*What is required*: The entries that follow should be repeated exactly, with no pictures kept.

*Short text fragments from websites*:
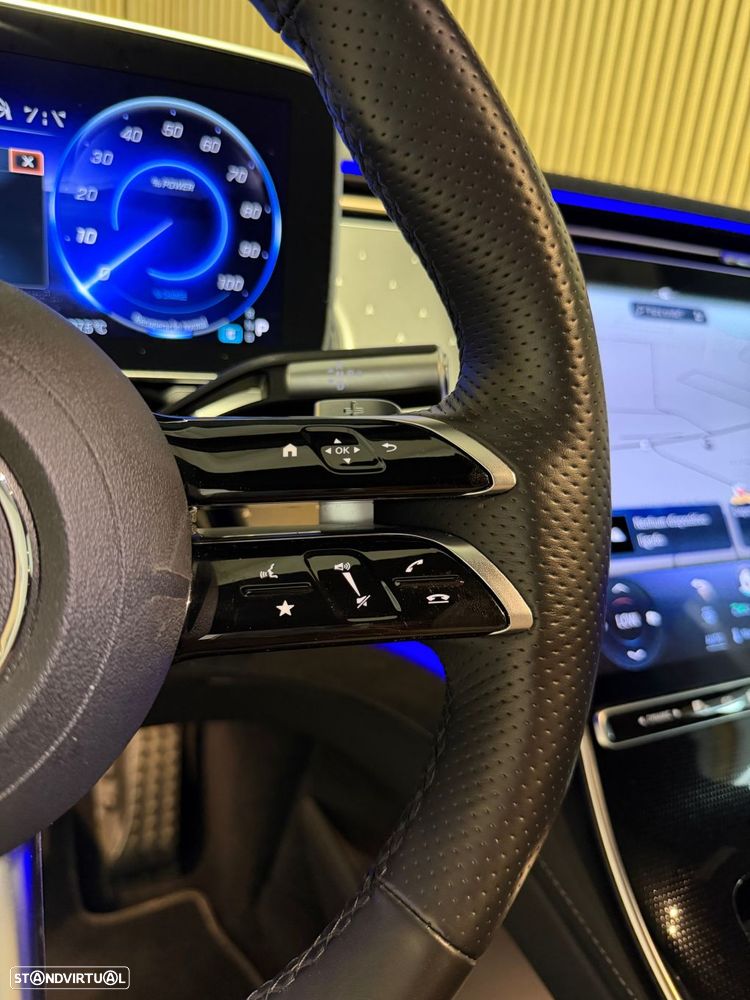 Mercedes-Benz EQS 450+ AMG Line - 12
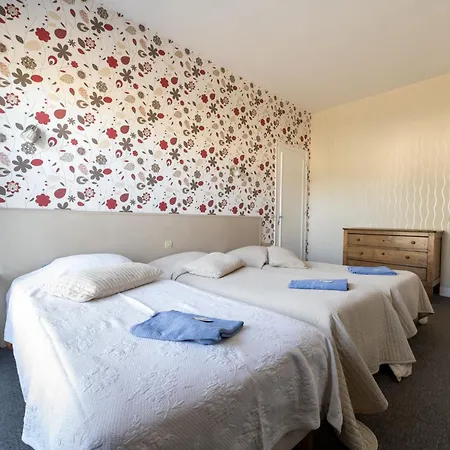 Le Relais Saint Michel Bed and Breakfast Domfront (Orne)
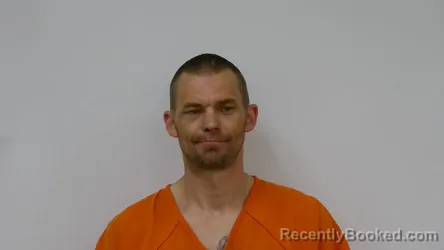 Mugshot of CODY DALE SADLER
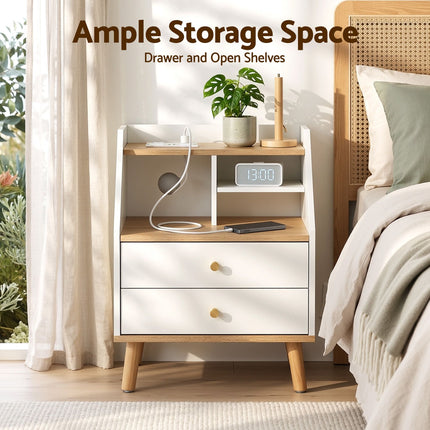 Furniture > Bedroom > Bedside Tables.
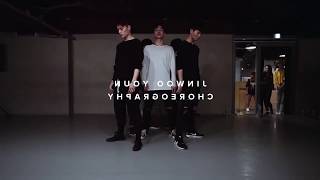 Download lagu [MIRRORED] Believer - Imagine Dragons / Jinwoo Yoon Choreography mp3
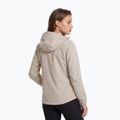 Giacca softshell donna Aulp Duffy sabbia 2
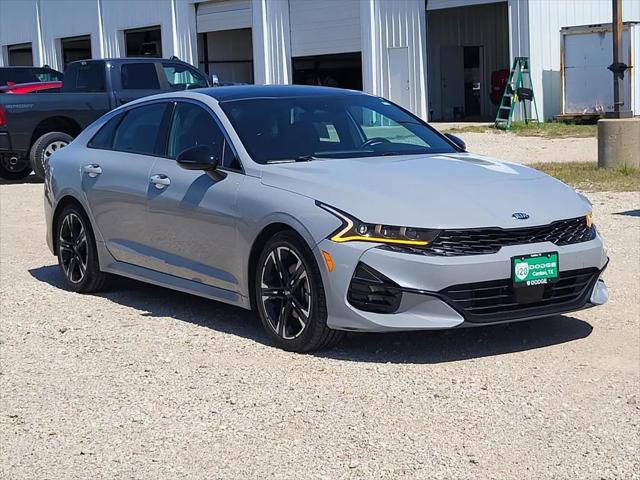 2021 Kia K5 GT-Line 2021 Kia K5 GT-Line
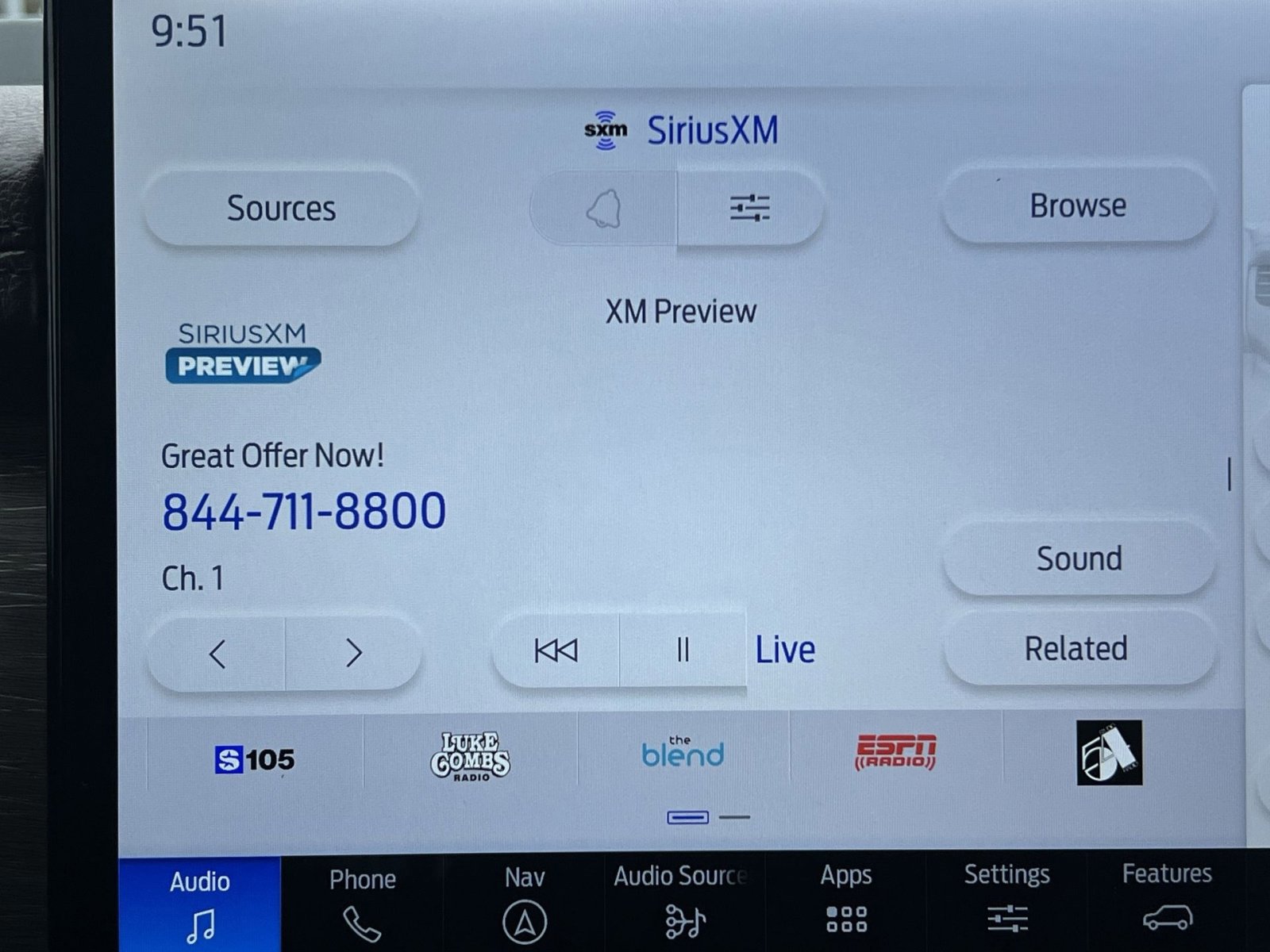 Certified 2024 Ford Expedition Limited image 18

*Expected answer*:
 Mercedes-Benz EQS 450+ AMG Line - 12
 Le Relais Saint Michel Bed and Breakfast Domfront (Orne)
 Mugshot of CODY DALE SADLER
 Furniture > Bedroom > Bedside Tables.
 Download lagu [MIRRORED] Believer - Imagine Dragons / Jinwoo Yoon Choreography mp3
 Giacca softshell donna Aulp Duffy sabbia 2
 2021 Kia K5 GT-Line 2021 Kia K5 GT-Line
 Certified 2024 Ford Expedition Limited image 18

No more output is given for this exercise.